Proposal Announcement - XML DTDs to XML docs

Paul Prescod papresco at technologist.com
Thu May 21 12:48:54 BST 1998


Simon St.Laurent wrote:
> 
> At what level do you get defaulted attributes now?  Do you get defaulted
> attributes in a well-formed document without a DTD?  

No. But if you are talking about replacing the DTD, then I don't see how a
comparison to documents without a DTD are relevant. 

> Internal
> entities could be defined much as they are now, at the start of a document,
> within a structure set aside for that purpose using <ENTITY> (or whatever
> develops) instead of <!ENTITY>.  This would indeed need to be covered in level
> 1, unless you could live without internal entities.  

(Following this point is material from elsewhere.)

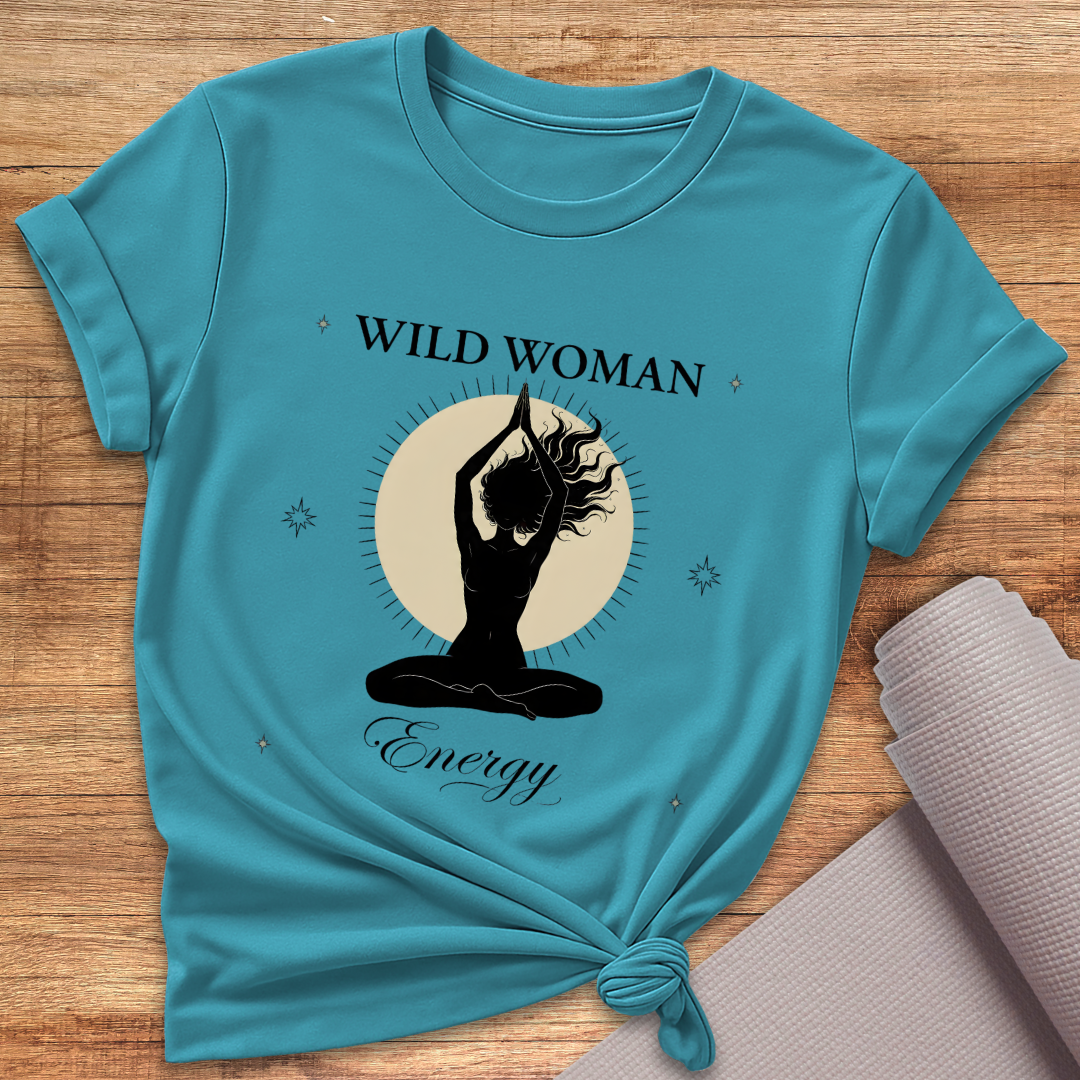 Wild Woman Energy T-Shirt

Okay. So <ENTITY> is in level 1 -- the document level, just like with
DTDs. But presumably <ENTITY> can use XLink. So now you've dragged XLink
into level 1. Now we are back to specification circularity.

Am I missing something here?

> In the past you seemed
> quite happy about forcing scripts to be external to a document, so I can't see
> why it would be so terrible to exile entities - and DTDs as well - to separate
> documents either.  I don't think it would be necessary, though, any more than
> it's necessary now.

I have never argued in favour of forcing scripts to be external to a
document. I argued that everything I know about text processing says that
putting scripts in textual documents is a bad idea -- and is in fact a
regression to the technique that SGML was invented to replace. But not
everybody uses XML or SGML for text processing, so I do not believe that
the *language* should restrict them from embedding scripts. XSL is a
perfect example of an appropriate mix of scripts and markup....but you'll
notice that there is essentially no text in an XSL stylesheet.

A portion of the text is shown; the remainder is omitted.